Food For Thought: 5 Ways To Shrink Your Grocery Budget

Hello Friends,Navigating the grocery store in this day and age feels like tiptoeing around a minefield. With everything we’re hearing about GMOs, hormones and chemicals in our foods, it makes you wonder if it’s safe to eat anything anymore.

In a perfect world, we would all be able to buy everything fair trade, organic and grass-fed, but in reality, even if you live in a place where the best of the best is available to you, it’s simply not feasible for the average person to be able to afford the “perfect” diet.

Luckily, there is a trick to prioritizing your grocery dollars so that you can stretch your budget to cover the items that are worth spending more on, while saving on some other areas.

The first thing you need to do here is to change your mindset. When you stop buying the chemical-laden processed foods, you’re saving money on all those boxes of nutritionally inferior items. When you spend the money on organic items, you’re less likely to waste food, so you won’t be throwing as much in the trash. It might feel like you’re spending more on a whole food diet, but that’s not necessarily the case.

Where to spend your money at the grocery store

Organic meat and dairy. If your grocery budget is very tight, invest in organic dairy and meat over organic produce and grains. Conventionally raised animal products have been shown to contain the highest concentrations of pesticides and hormones. With your milk, cheese and dairy, try to buy full fat organic because full fat is better for you. With meat and poultry, look for organic first, and grass-fed and pasture raised second.

Shop based on the Dirty Dozen and the Clean Fifteen. Some foods tend to be heavily contaminated with pesticides. These foods are logged each year by the Environmental Working Group’s Dirty Dozen list. This list serves as a great way to determine which foods are most important to buy organic. The Clean Fifteen list shows us which foods are relatively low in pesticide residue. Shop according to those lists and you’ll save lots of money on organic produce. For instance, rather than forking over the cash for expensive organic potatoes, go for the conventionally grown sweet potatoes which are on the Clean list!

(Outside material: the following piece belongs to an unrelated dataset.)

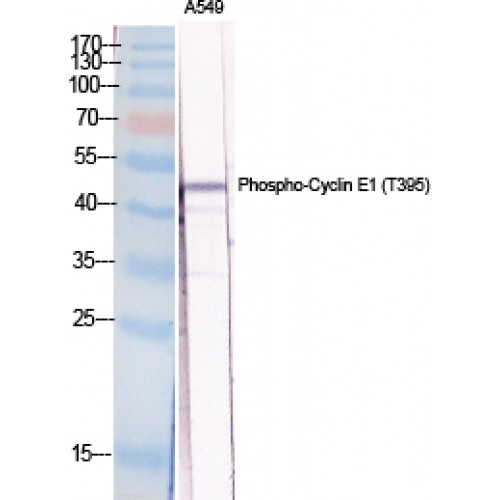 CCNE1 / Cyclin E1 Antibody - Western blot of Phospho-Cyclin E1 (T395) antibody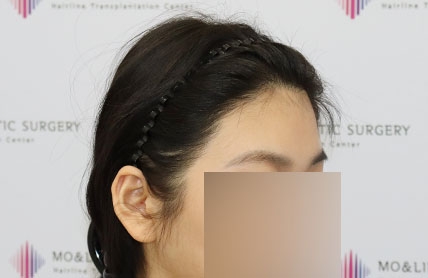 치료후기 이미지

Hit the farmers’ market first. Organic is great, but local, in-season organic is the absolute best you can do. Get whatever items you can from the farmer’s market and then get the rest at the grocery store later.

Shop from the freezer. Some stores carry bulk organic produce in the freezer section. See how economically you can buy your organic veggies and if it works out better for your budget, go ahead and stock up with frozen. Frozen organic will be better for you than pesticide-ridden fresh!

Transition gradually. It’s not necessary to go nuts replacing all of your condiments and spices with organic varieties all at once. As an item like cinnamon or peppercorns runs out, replace it with an organic version. For condiments, consider making your own from organic ingredients, especially if your children eat copious amounts of it. Ketchup, for instance, is generally chock full of high fructose corn syrup, chemicals and lots of additives. If your children eat everything dipped in ketchup, I would start making it from scratch or at least buy an organic variety.

Oh, and one more note! When it comes to honey, purchase local, not necessarily organic. It’s very difficult to control where bees pollinate, so organic honey isn’t entirely possible. Buy local, though, and you’ll be good to go.